Tag Archives: democracy

Gini in a bottle

What does the United States share with El Salvador, Rwanda, Bolivia and Zimbabwe ? The answer is a high Gini Index. The Gini Index is a measure of overall equality in a country, and values are compiled by a number of organisations, including, for example, the CIA.

In a society, if wealth flows to a small section of the society and the majority have an increasingly eroding quality of life, there become a point in a democracy where change takes place. At some point, in most democracies, the “have nots” can outvote the “haves”, and move to reverse the imbalance, whether by progressive tax laws or other means. Not so in the USA, where one man’s vote in Wyoming is very different to one man’s vote in California.

The 2020 election has brought this into sharp focus, where the US Senate will spend the next 4 years thwarting the popular vote by preventing Biden from implementing policies the population gave him the mandate to effect.

The issues are well known, and there is no point in Grumpy repeating them here, other than to note that in California 40m+ residents get the same number of senators (2) as some 700,000 in Wyoming. This has the potential – as the “have not” numbers grow – that huge unrest will be created because a Republican manjority is not only baked in, but they increasing perpetuate that by gerrymandering the voting constituencies.

Globalisation has added to the strains by allowing large corporates to export not only the jobs of low level workers, but their profits. From 1978 to 2019, the average salaries of CEOs grew by 1000% compared with just 12% for the average worker in that period,

The barriers to reform are insurmountable in the current structure, which means that pressure for change will build in society without any democratic means for release. Critically, in the next 15-20 years, America will see unprecedented change, in that the world will see played out the inevitable battle for supremacy between China and the USA. In many ways, the odds are probably against America; China has more than 4 times as many people, and the luxury of being able to plan ahead with a consistent strategy by virtue of the lack of constant political change and democratic constraints.

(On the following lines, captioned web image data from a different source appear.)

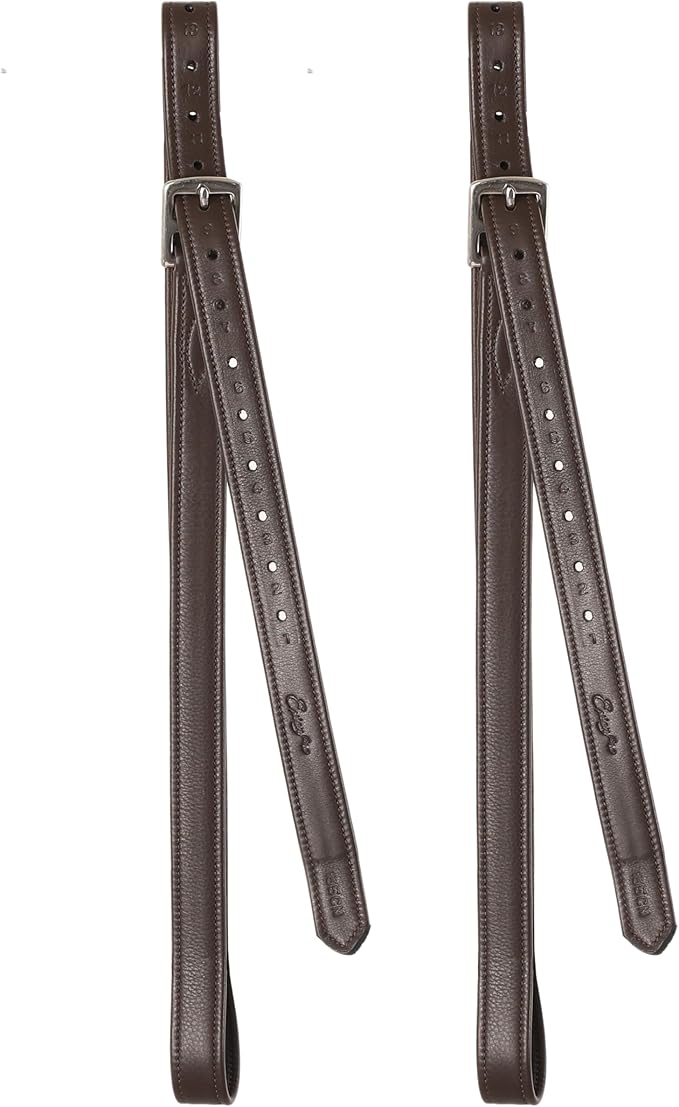 Exion FlexiStrong Stirrup Leathers for English Saddles – 1" Premium Calfskin with Nylon Core – Numbered Holes, Stainless Steel Buckles – Black/Brown – Horse Riding Gear (48"/120cm to 62"/155cm)-PurrikoPets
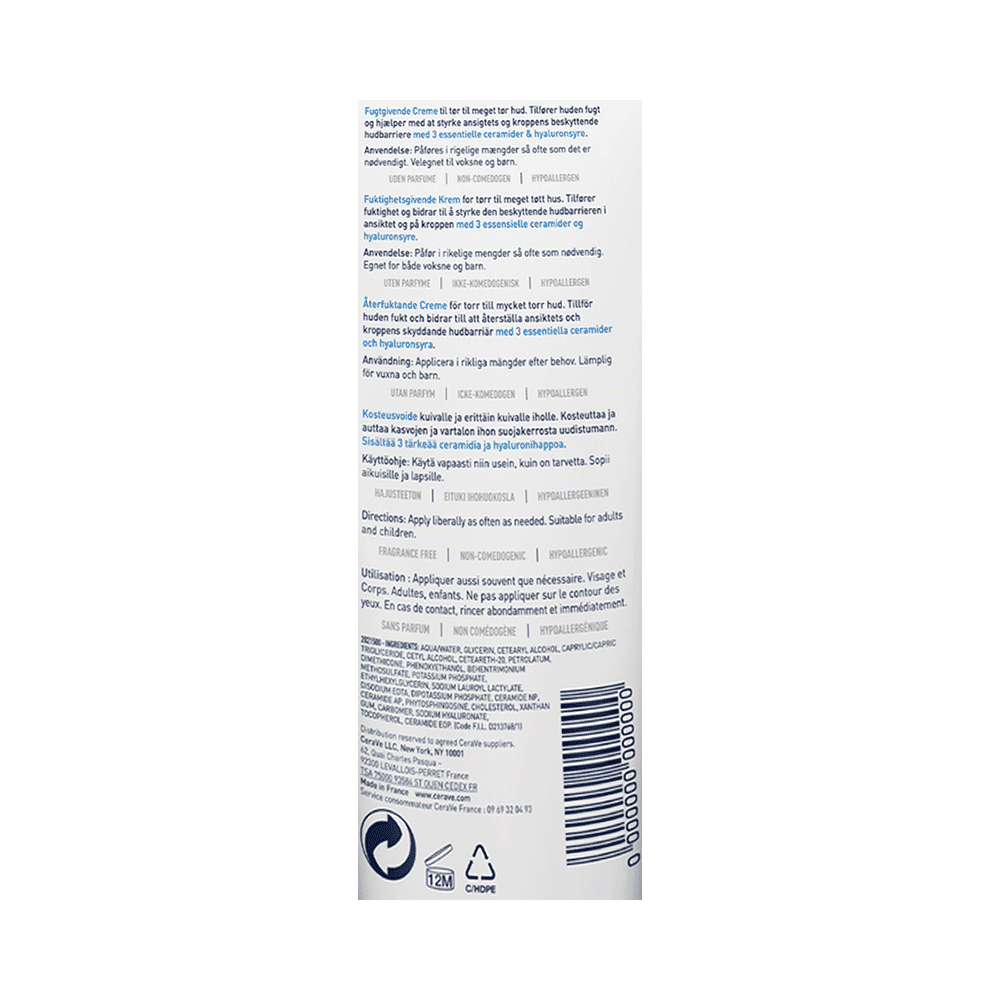 CeraVe Moisturising Cream for Dry to Very Dry Skin | Hydrating Face Care Product - Image 3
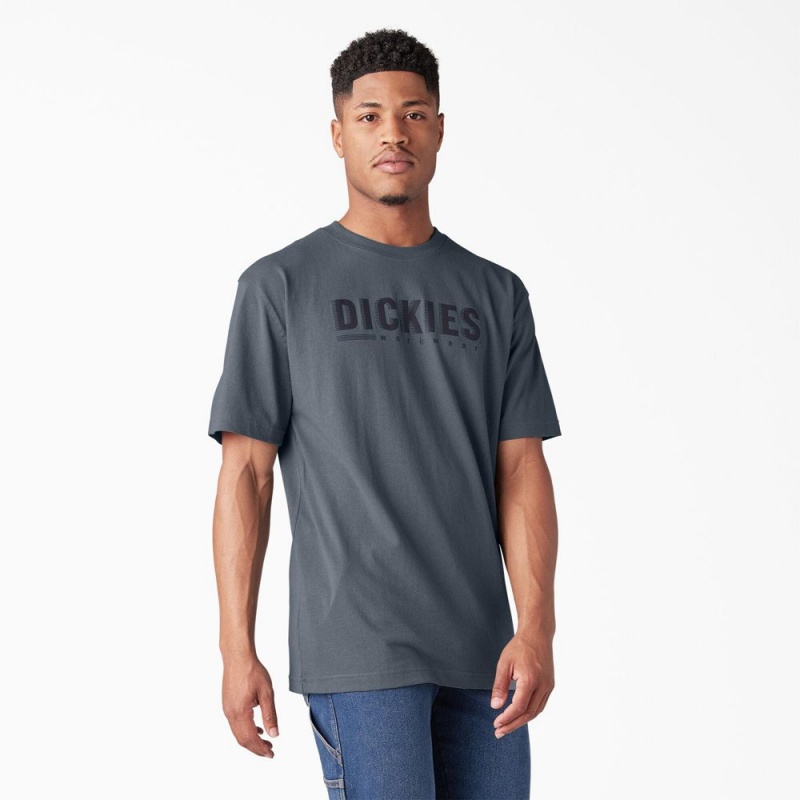 Grey Men's Dickies Short Sleeve Workwear Graphic T-Shirt | XLY965371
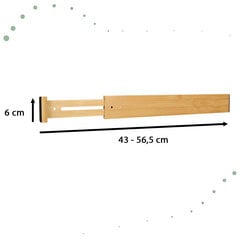 Reguleeritav bambusest sahtli korraldaja 56x6x1,5 cm 1 tk. LuxureKitchen hind ja info | Köögitarbed | kaup24.ee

Niall Ferguson authored a book (“Empire”) on the growth and decline of British Empire, and “Colossus” which argued that the USA was heir to that mantle whether it declared it or not. More tellingly, as the aftermath of the first Trump reign closes, Ferguson noted in a conclusion that the history of empires shows that most collapsed in a generation or less, but – as the American inequality Gini escapes from its bottle – that collapse came not from opposing blocks, but from within the empire itself.